Haas team principal Guenther Steiner says that he’s open to making changes to the Formula 1 race weekend format.

However he stopped well short of endorsing controversial proposals for Saturday, which have included plans to replace qualifying time trials with a reverse-grid race.

“There are talks to condense a Friday of a Grand Prix weekend,” he confirmed in the team’s preview for the Mexican Grand Prix.

“The talk is to just do running on a Friday afternoon, with all the other PR activities taking place in the morning.

“I think that would be a good way forward, especially with an extended calendar,” he stated.

He said that the enforced changes o the Japanese Grand Prix – which saw all Saturday activity cancelled because of Typhoon Hagibis, and qualifying moved to Sunday morning before the race – had been “interesting”.

“I think to do it like this, it made for a very busy Sunday,” he said. “The day flew past very quickly.

“You’re all very busy and everything needs to be done a lot quicker,” he explained. “I don’t think it had an effect on team personnel, they just had to adapt, and our guys adapted pretty well.

“I would just say it was too much for one day – having both qualifying and the race on one day. But in those circumstances, it was the right decision.

“Everybody coped and I think it was an interesting race,” he added.

Things will be back to normal this weekend, with F1 assured of a warm welcome from both fans and the weather.

Kevin Magnussen (DEN) Haas VF-19 pit stop.

The Autódromo Hermanos Rodríguez has been a favourite for teams and drivers ever since it joined the F1 calendar and has won four-straight ‘Best Promoter’ awards at the end-of-season FIA gala prize giving.
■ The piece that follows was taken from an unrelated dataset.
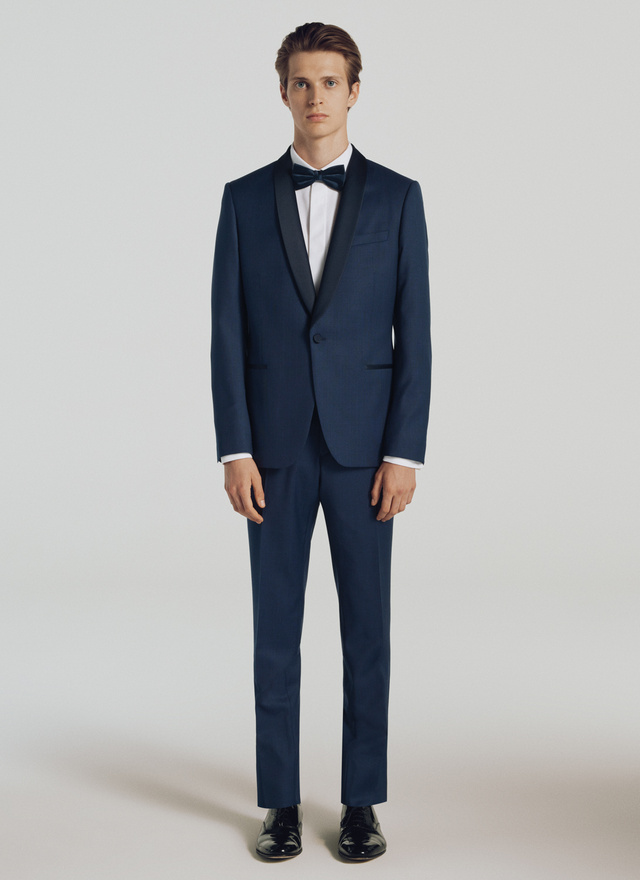 Smoking homme bleu marine laine itravel Fursac - S3PAMY-PC64-31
“It’s just the enthusiasm of the people, both of the people running it and the people attending the race,” suggested Steiner.
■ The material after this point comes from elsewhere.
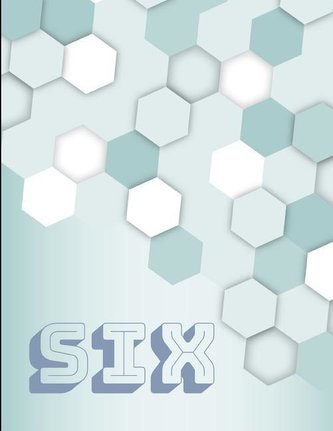 Six: Small Hexagon Graph Paper Notebook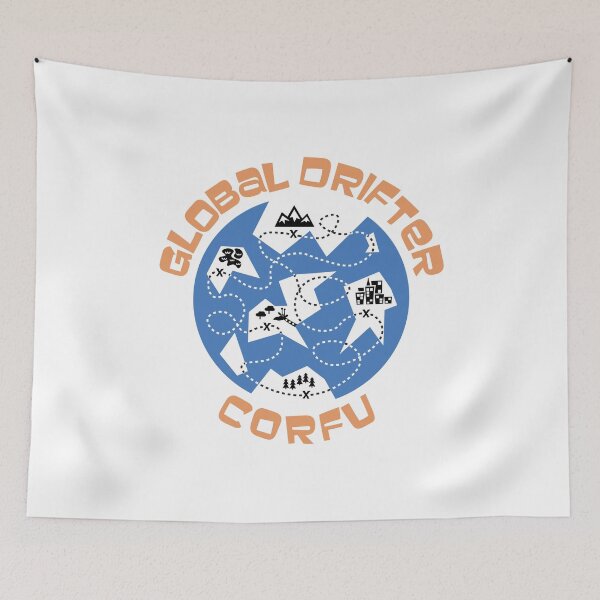 Item preview, Corfu Global Drifter designed and sold by designkitsch.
“We, as teams, are always made to feel very welcome there, and everything is very well organized. I think everybody’s happy with how everything runs and obviously the fans like it.”
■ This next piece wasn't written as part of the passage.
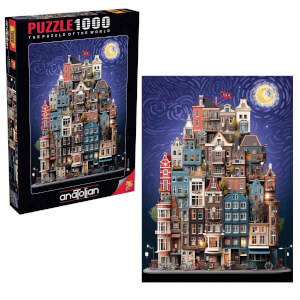 1000 Parça Puzzle: Amsterdam Starry Night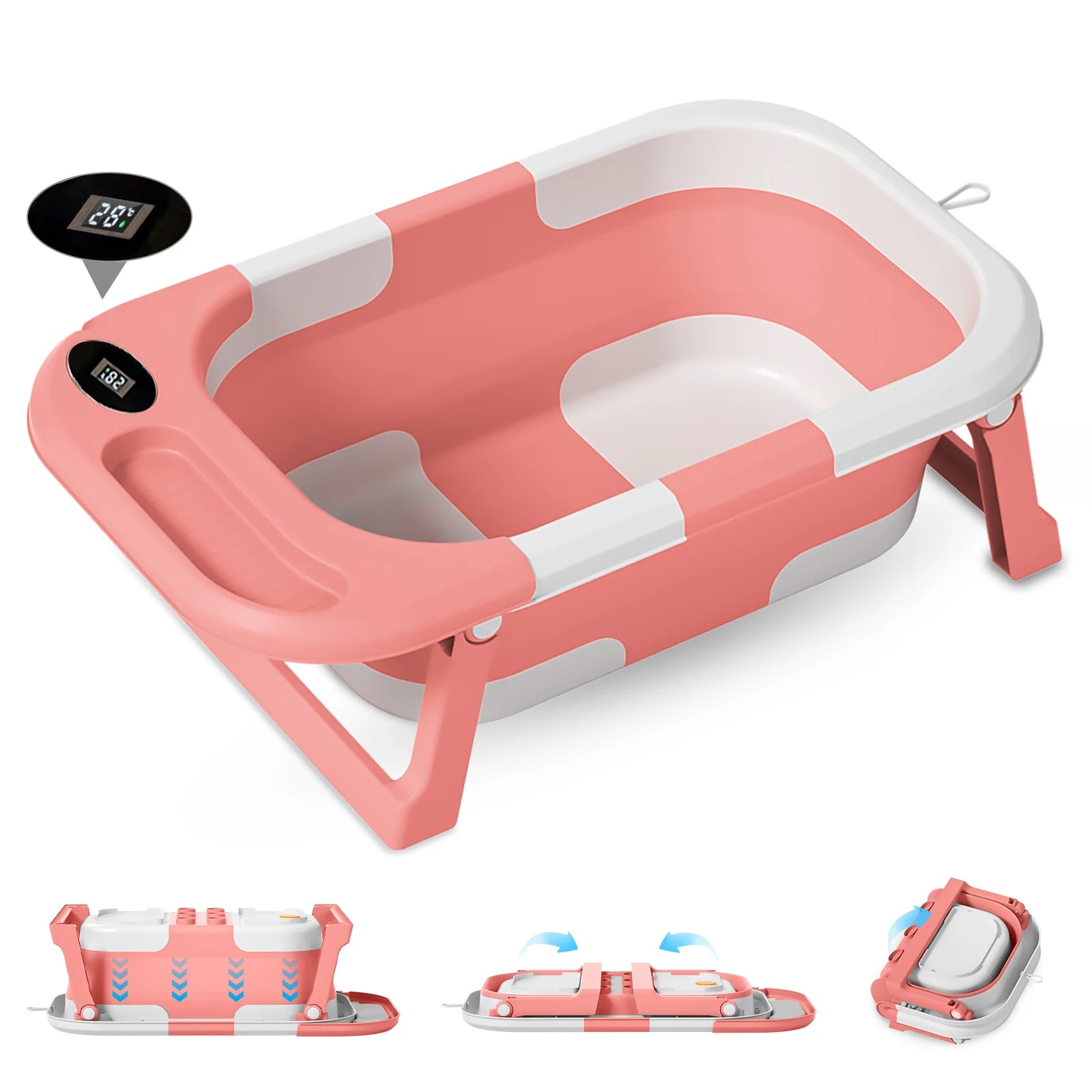 Baignoire-bebe-voyage rose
However it’s not been the happiest of hunting grounds for Haas in the past. The team’s best result there to date was Kevin Magnussen’s eighth place in 2017; last year both Magnussen and Romain Grosjean finished out of the points and off the lead lap.

“We always have cooling challenges,” Steiner explained. “Going up into the altitude there, you always need cooling on the cars. You need a lot more, and that takes downforce away, and you never have enough downforce.

“It looks like we always suffer more on that one than all the other cars. That is our biggest challenge, to find the balance between cooling and having downforce available.”